Le public les devine lors des sessions plénières, des commémorations et autres discours des chefs des Etats membres. Elles apparaissent à l’écran, sur les images de télévision tournées dans les locaux du Parlement européen, à Bruxelles comme à Strasbourg. Personne pourtant n’y prête attention. Les quelques 387 peintures et sculptures de la collection du Parlement passent inaperçues, même aux yeux des élus, qui les voient pourtant tous les jours. Les acteurs du marché de l’art en ignorent totalement l’existence. Et le site Internet, qui ne reproduit que partiellement les images, ne les met pas vraiment en valeur.
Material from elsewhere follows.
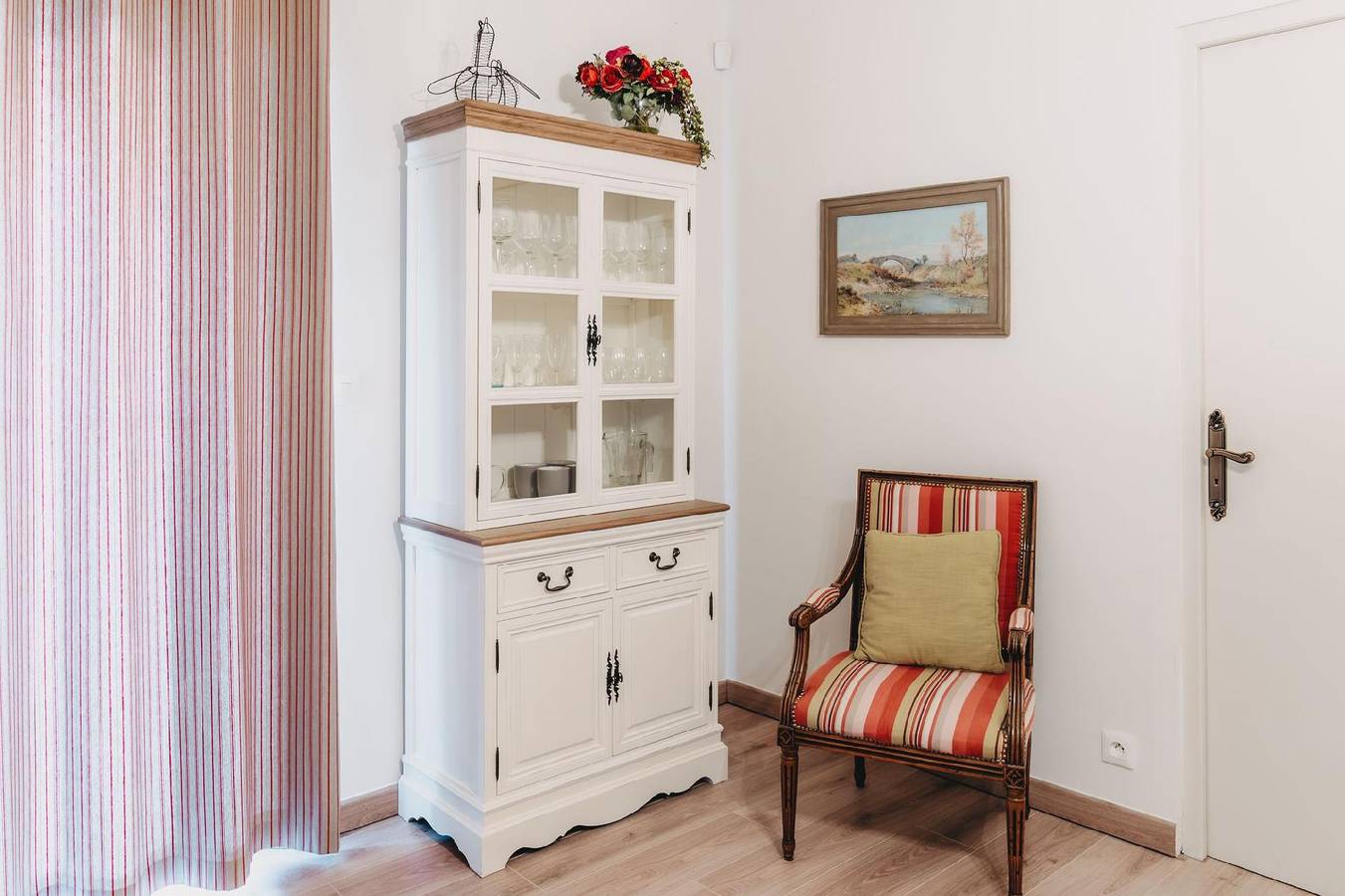 Ganze Ferienwohnung, Charmante Ferienwohnung auf Landgut bei Narbonne mit Terrasse, Pool, großer Garten in Armissan, Narbonne und Umgebung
Pourtant, à l’origine de cette discrète collection, il y a une personnalité de poids, Simone Veil, ancienne présidente du Parlement européen. Un an après sa nomination, elle pose en 1980 les bases de cet ensemble, aujourd’hui réparti entre Strasbourg, Bruxelles et le secrétariat général, au Luxembourg. En 40 ans, moyennant un budget total de 1,9 million d’euros, 387 œuvres ont été achetées, par étapes, au gré des nouvelles adhésions. L’Europe des Neuf – comprenant les six membres fondateurs plus l’Irlande, le Royaume-Uni et le Danemark – a dressé les premières listes d’achat. Les nouveaux entrants ont complété l’ensemble. L’adhésion, en 2004, de dix pays d’Europe centrale et orientale a donné lieu à un nouveau plan d’acquisition. Puis ce fut l’entrée de la Bulgarie et de la Roumanie, et, enfin, de la Croatie. A chaque fois, les sommes dépensées sont proportionnelles au nombre de députés.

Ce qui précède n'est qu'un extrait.